» **Exercise objective**
Output the whole listing exactly, except for the pictures in it.

» **Given information**
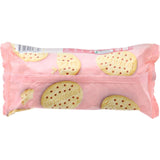 Woolworths Free From Gluten Plain Biscuits Arrowroot 205g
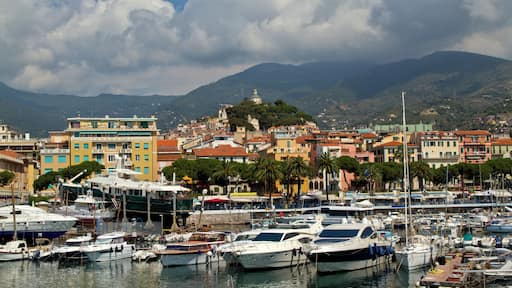 18038 Sanremo IM, Italy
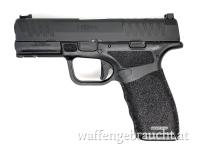 HS Pistole H11 Pro RDR, 9x19 Luger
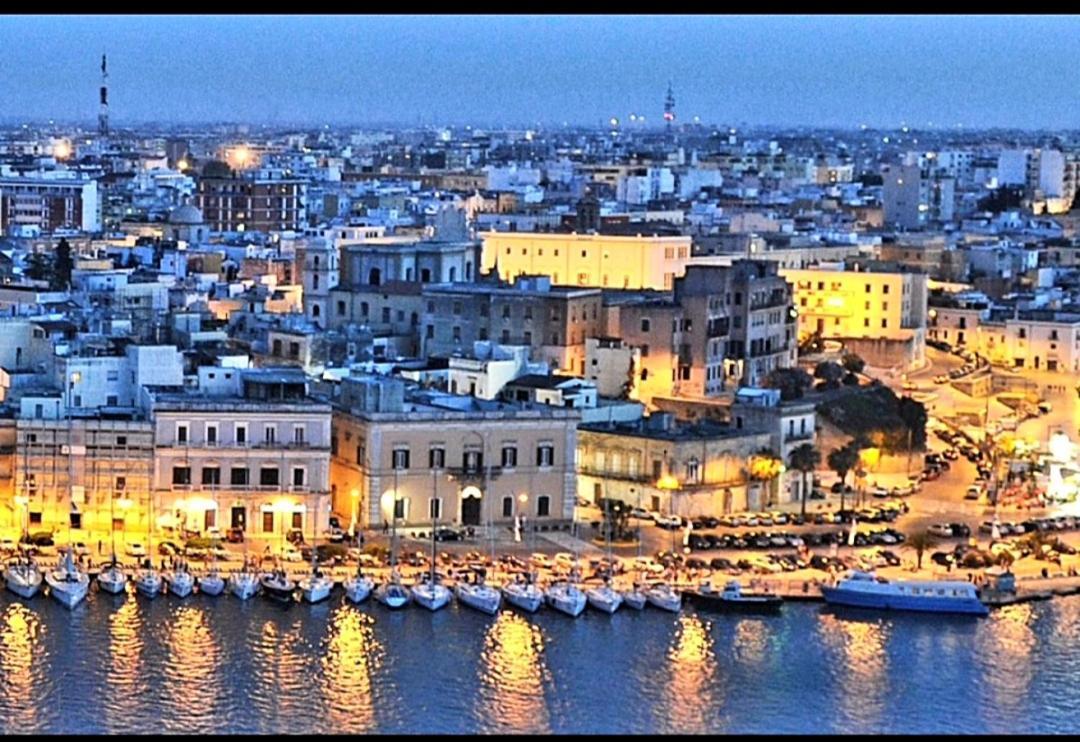 Dimora Asmara 11 15 Brindisi Exterior foto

» **Answer space**
 Woolworths Free From Gluten Plain Biscuits Arrowroot 205g
 18038 Sanremo IM, Italy
 HS Pistole H11 Pro RDR, 9x19 Luger
 Dimora Asmara 11 15 Brindisi Exterior foto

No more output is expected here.